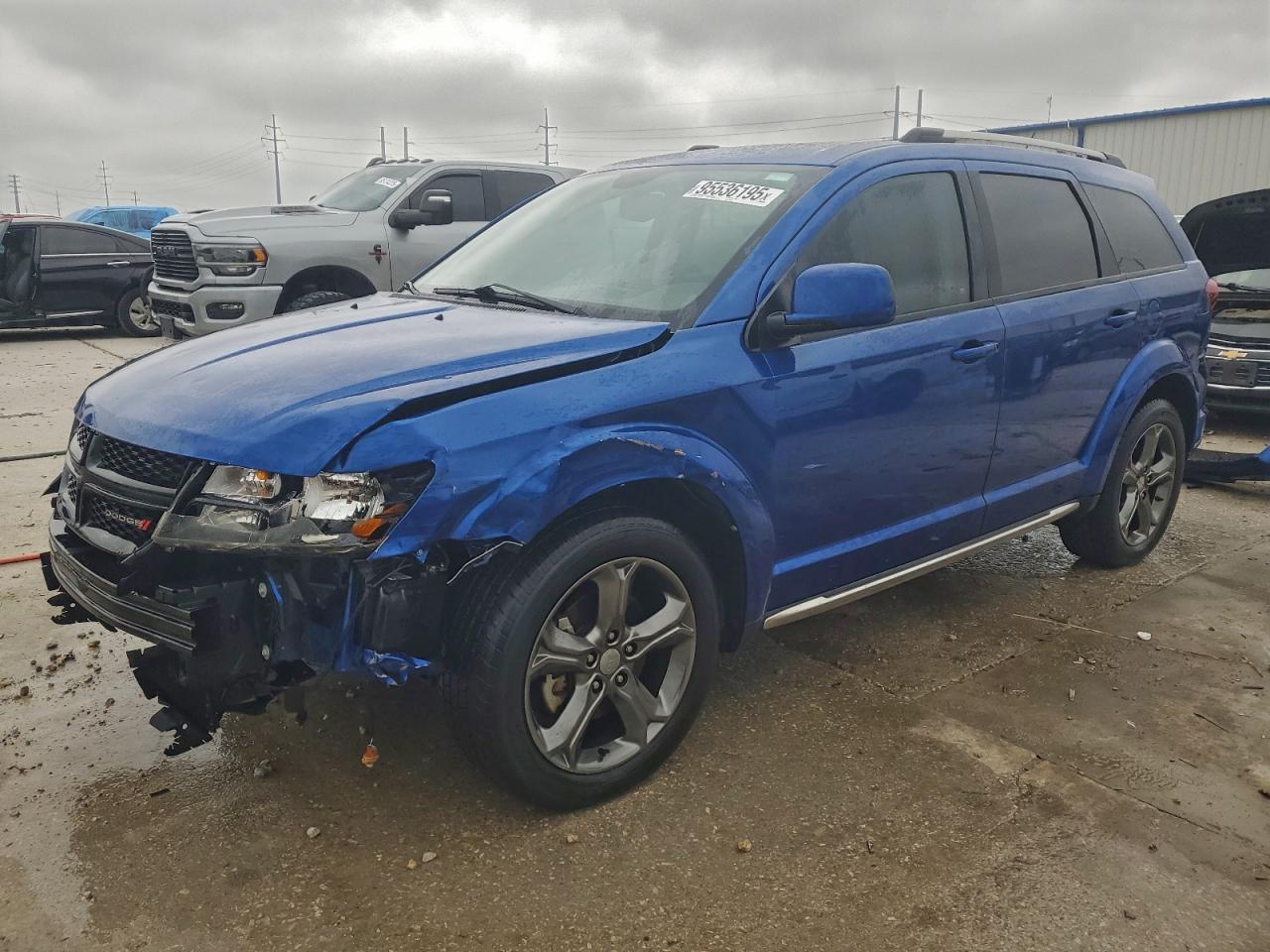 DODGE JOURNEY CROSSROAD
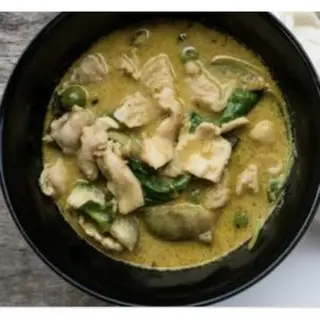 2. Pollo Al Curry Verde Tailandesa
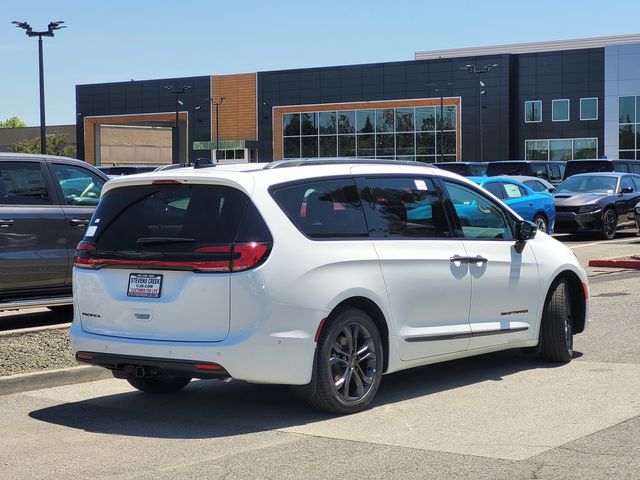 2024 Chrysler Pacifica Touring-L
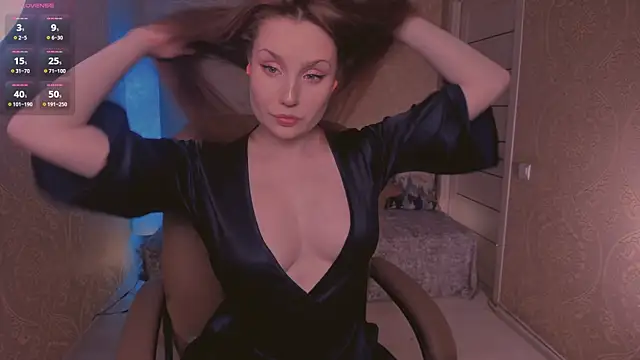 Snapshot of Eesmaaarrr chatting on 03/10/25, 10:34 Eesmaaarrr online show from 03/10/25, 10:34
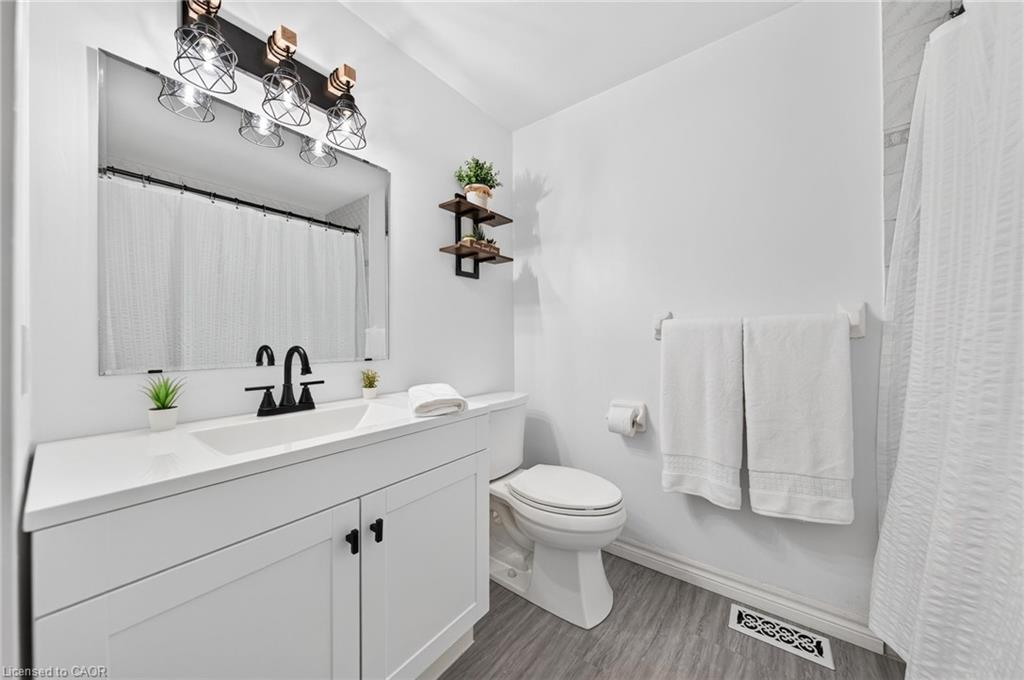 37 Sandalwood Drive Property Photo 15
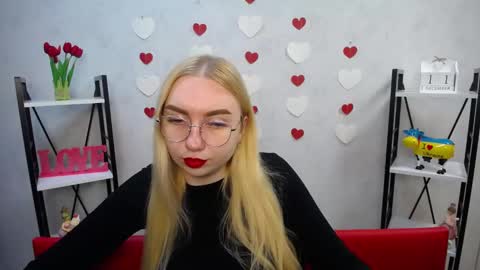 Snapshot of beatriceflyy chatting on 11, 12, 2024 BeatriceFlyy online show from 11, 12, 2024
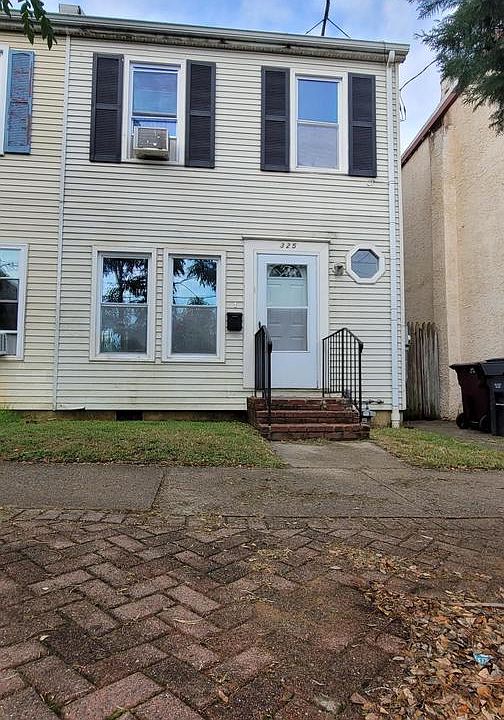 1st image of 325 E 13th St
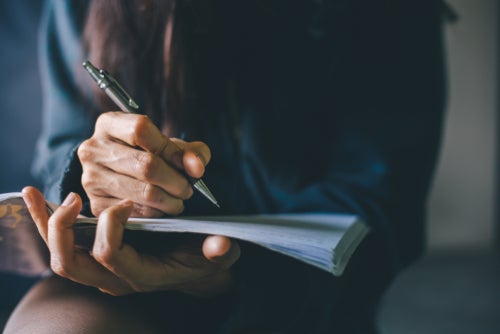 Scrittura a mano e benefici per il cervello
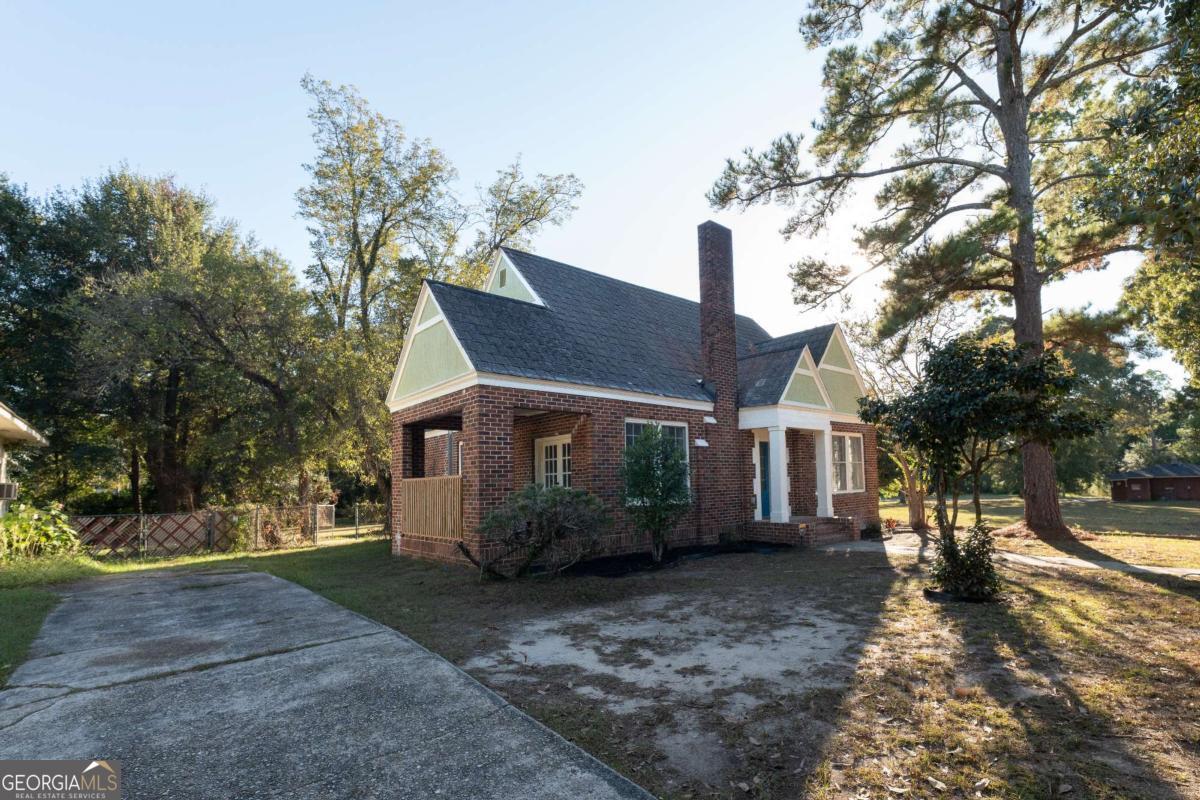 622 Whitney AVE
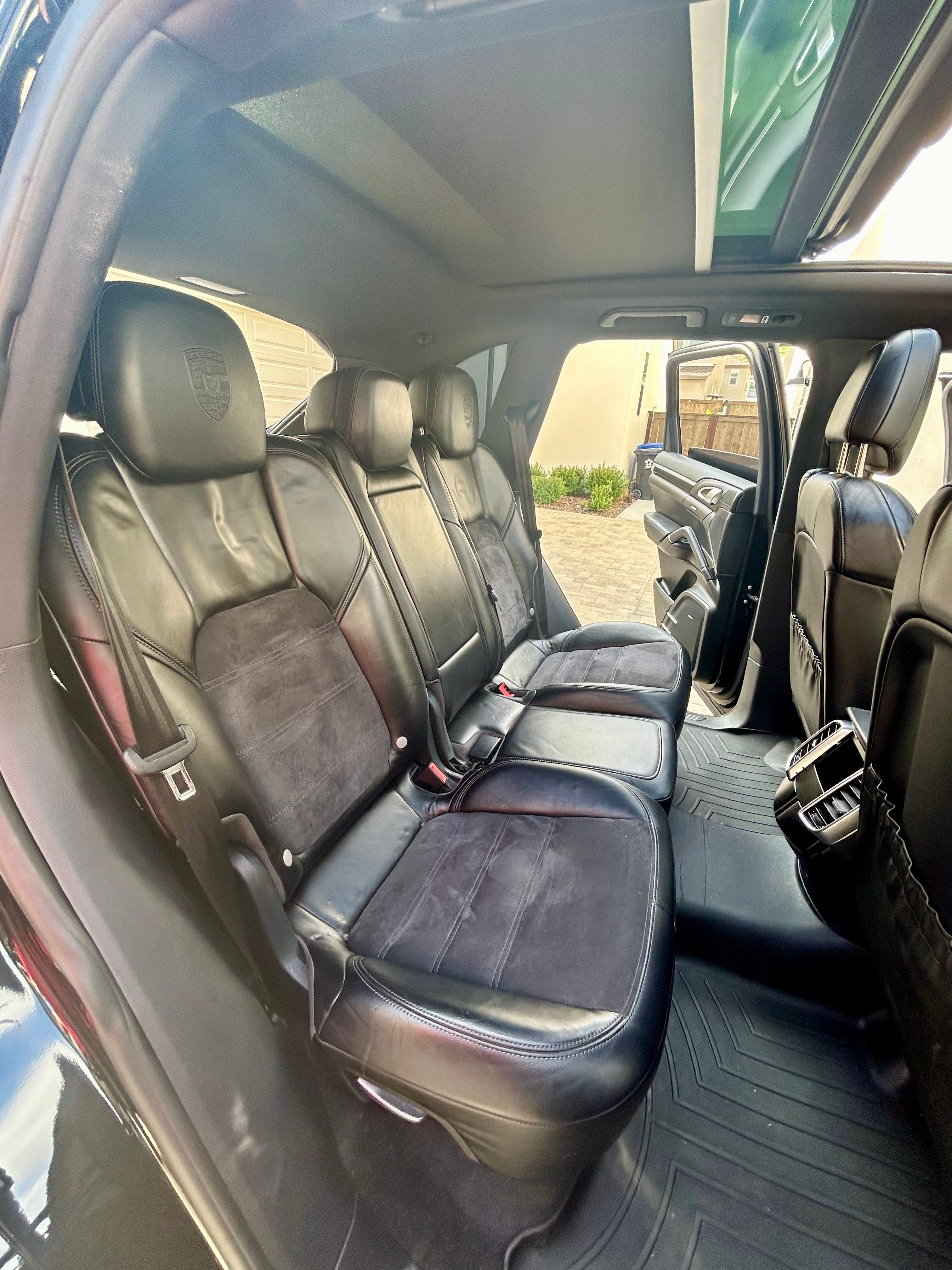Used 2017 Porsche Cayenne Platinum Edition AWD/4WD image 20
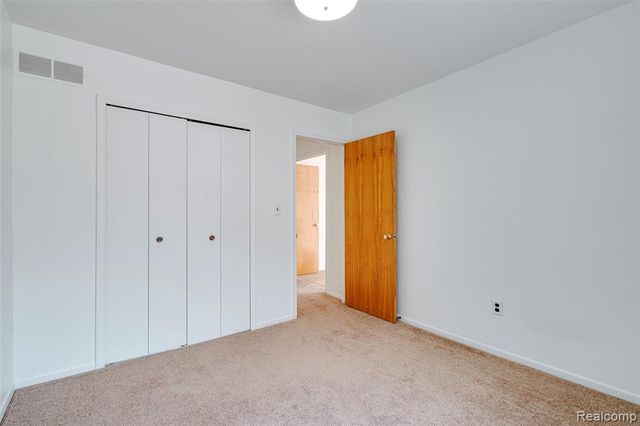 41617 Bedford Drive, Canton, MI 48187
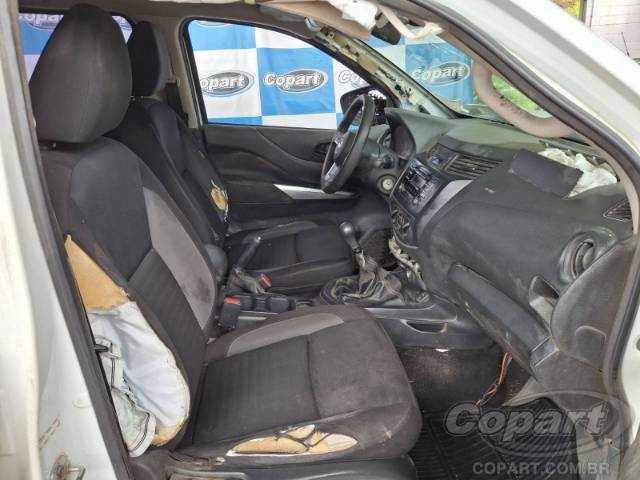 2023 NISSAN FRONTIER CD 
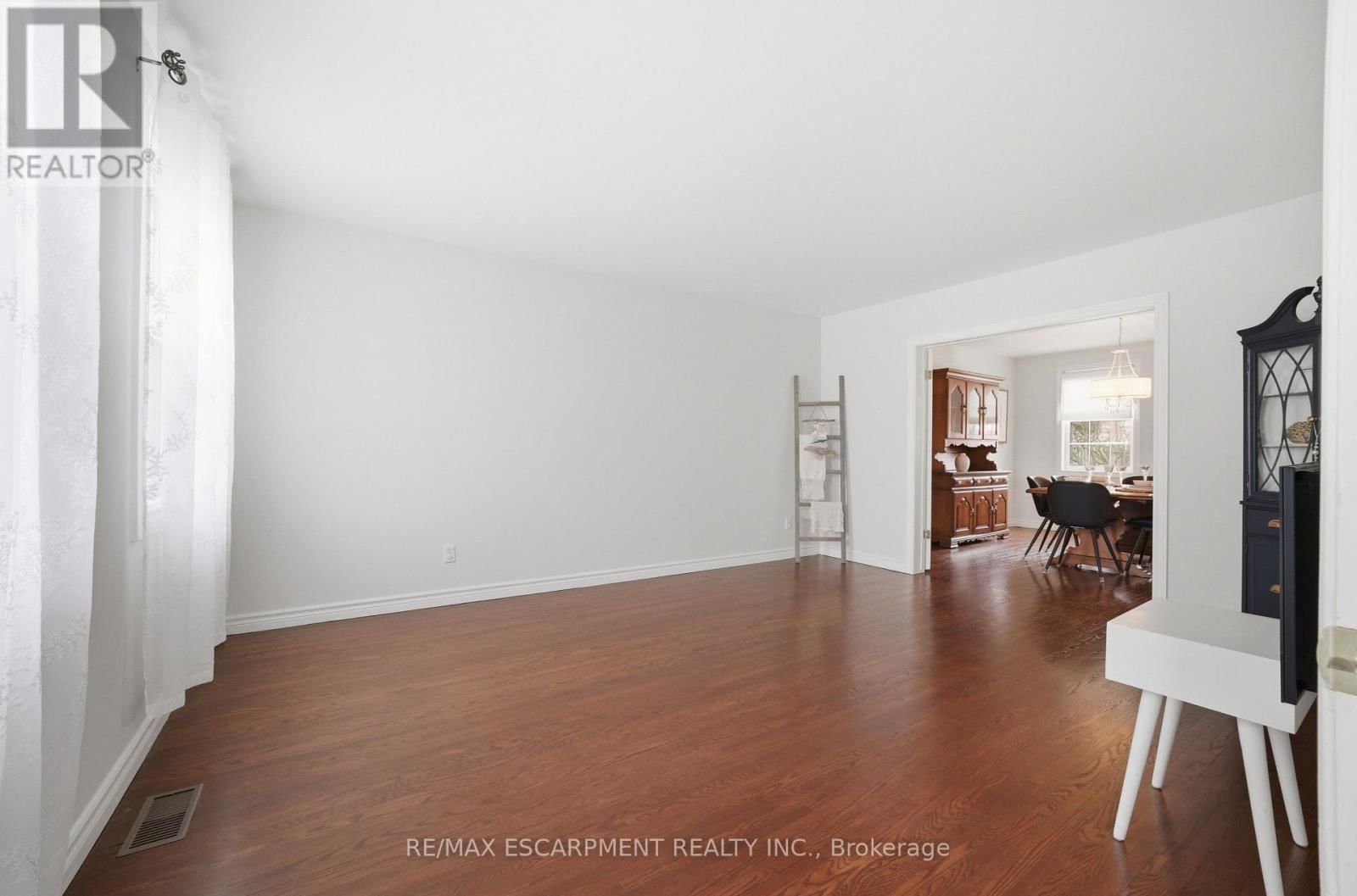 173 GREEN POINTE DRIVE Image 9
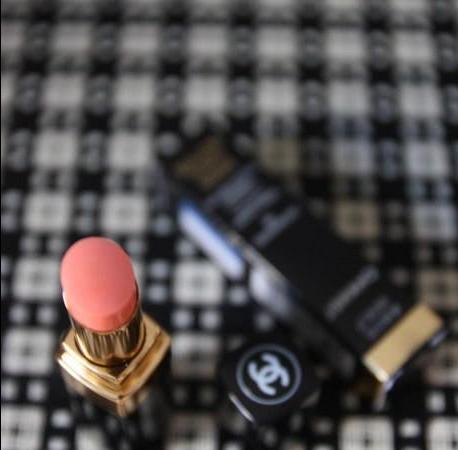 Chanel Rouge Coco Shine Gourmandise #76 - rezension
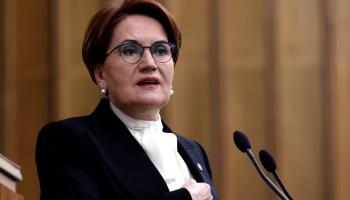 ميرال أكشينار زعيمة حزب 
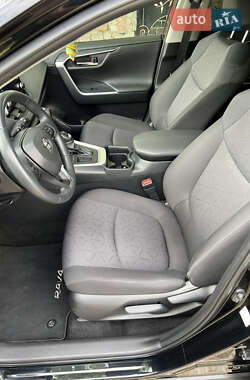 Позашляховик / Кросовер Toyota RAV4 2021 в 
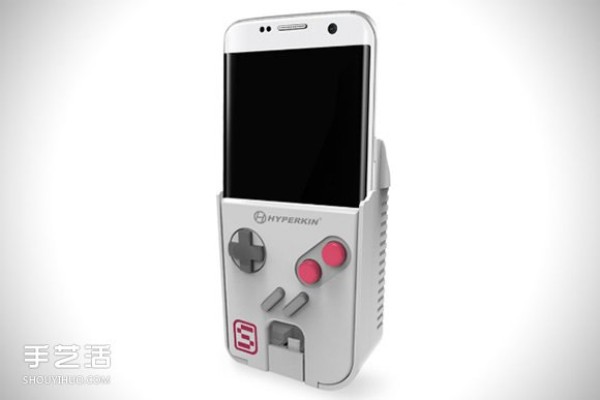 Android phone turns into Game Boy retro game console accessory design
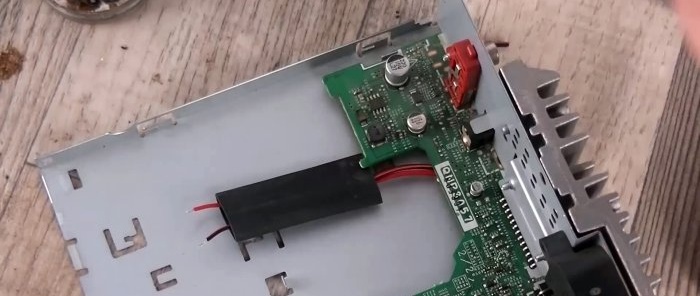 Cómo actualizar cualquier radio antigua con instalación de Bluetooth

- WORK INSTRUCTIONS
Write the lines out word for word, starting at the one with "ميرال أكشينار زعيمة حزب" and stopping after the last line of the material above, with pictures excluded.

- RESPONSE AREA
 ميرال أكشينار زعيمة حزب 
 Позашляховик / Кросовер Toyota RAV4 2021 в 
 Android phone turns into Game Boy retro game console accessory design
 Cómo actualizar cualquier radio antigua con instalación de Bluetooth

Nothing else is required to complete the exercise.